Eight blocks were on offer in the Rabat-Safi Atlantic offshore area. Operators already in Morocco talk of the challenging structures and high-risk exploration work in the under-explored North African country. With fierce competition from neighboring Algeria and Libya, which have well-established exploration records, Morocco is keen to ensure it puts itself on that map. Its hopes were raised by a discovery last year by on the Lone Star prospect.
It has passed a hydrocarbon law offering attractive terms to existing and potential newcomers, and has managed to attract oil major Royal Dutch Shell, among other mainly independent U.S. and Canadian firms, to take up more tracts.

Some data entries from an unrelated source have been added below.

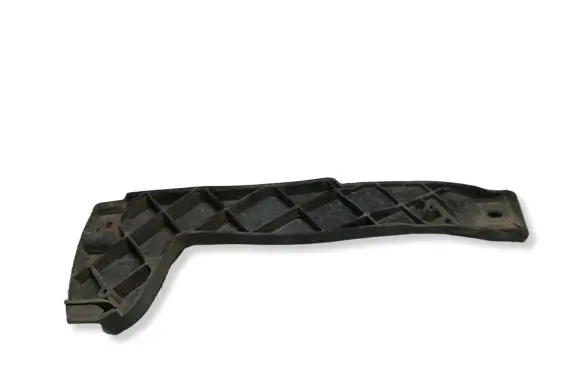 Audi A4 S4 B7 8E 8H Fender mounting bracket 8E0807204B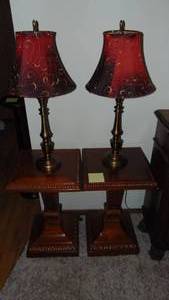 lot 25 image: Pair of Square Pedestals 24.5x15x15 with 2-Lamps
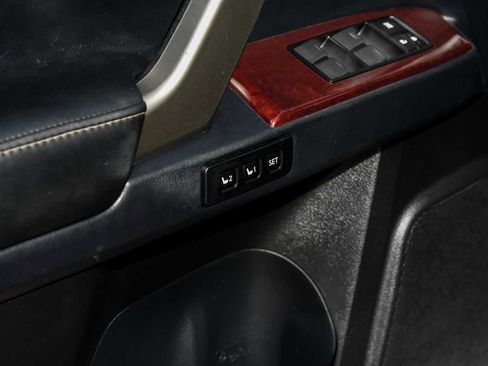 Used 2017 Lexus GX 460 Premium image 45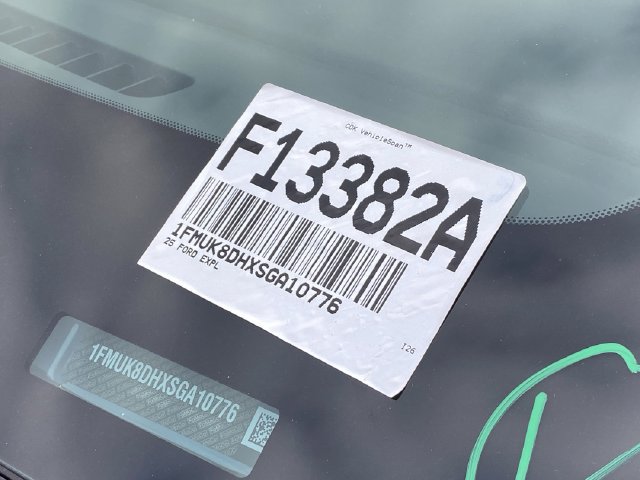 Certified 2025 Ford Explorer Active AWD/4WD image 37
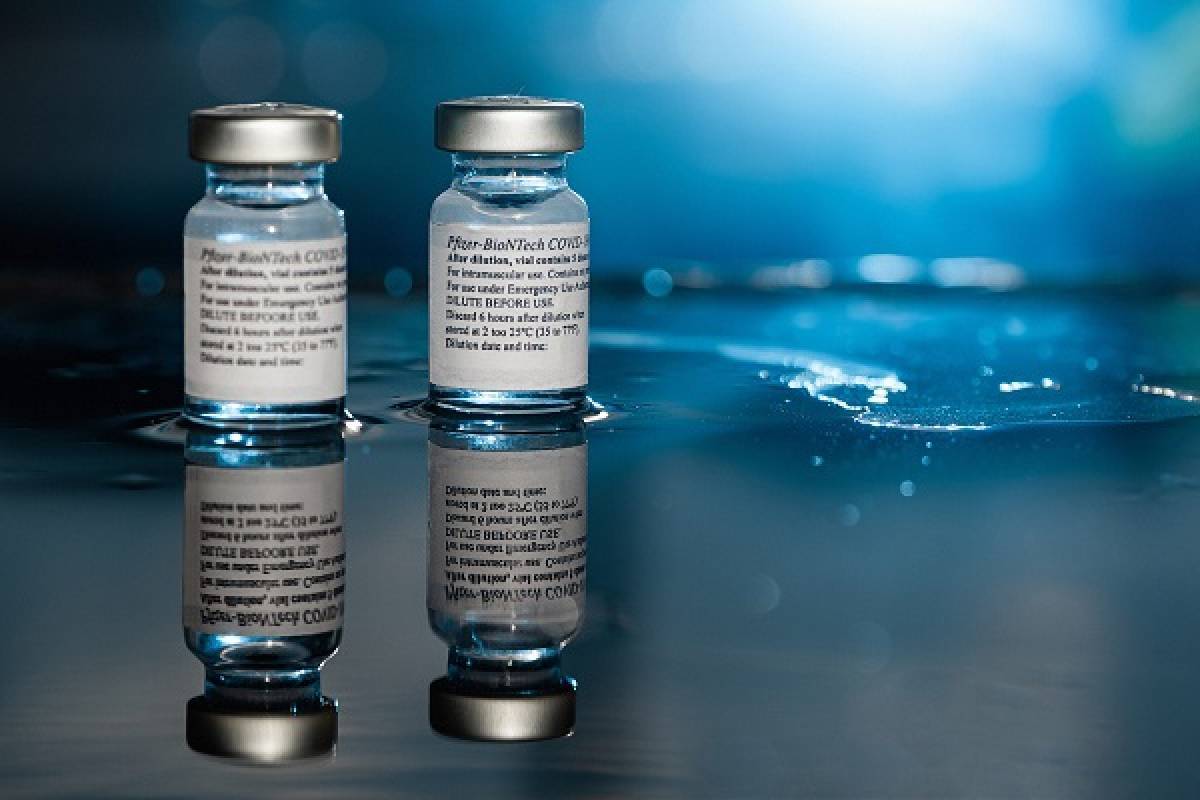 Pfizer/BioNTech: Ζητούν άδεια για τρίτη δόση σε όλους τους ενήλικες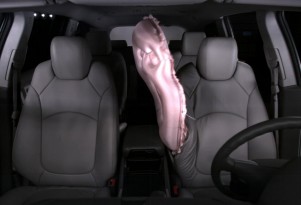 GM’s front center airbag in action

State share was reduced to a maximum 25 percent in exploration permits and exploitation concessions, and royalty was set at 10 percent for onshore and shallow offshore tracts with exemption for the first 300,000 tonnes of crude produced.
Rates fell to seven percent for deep offshore blocks over 200 meters in depth with an exemption for the first 500,000 tonnes produced. Gas royalty ranged between 3.5-5 per cent. Companies were also exempt from corporate tax from the date of starting production for a consecutive 10 years.
Energy Africa, operator of the Tiznit block with 31.87 percent, and working alongside Petronas, ONAREP and Taurus, has just completed 14,600 kilometers 3D seismic study and expects to spend some time interpreting the data.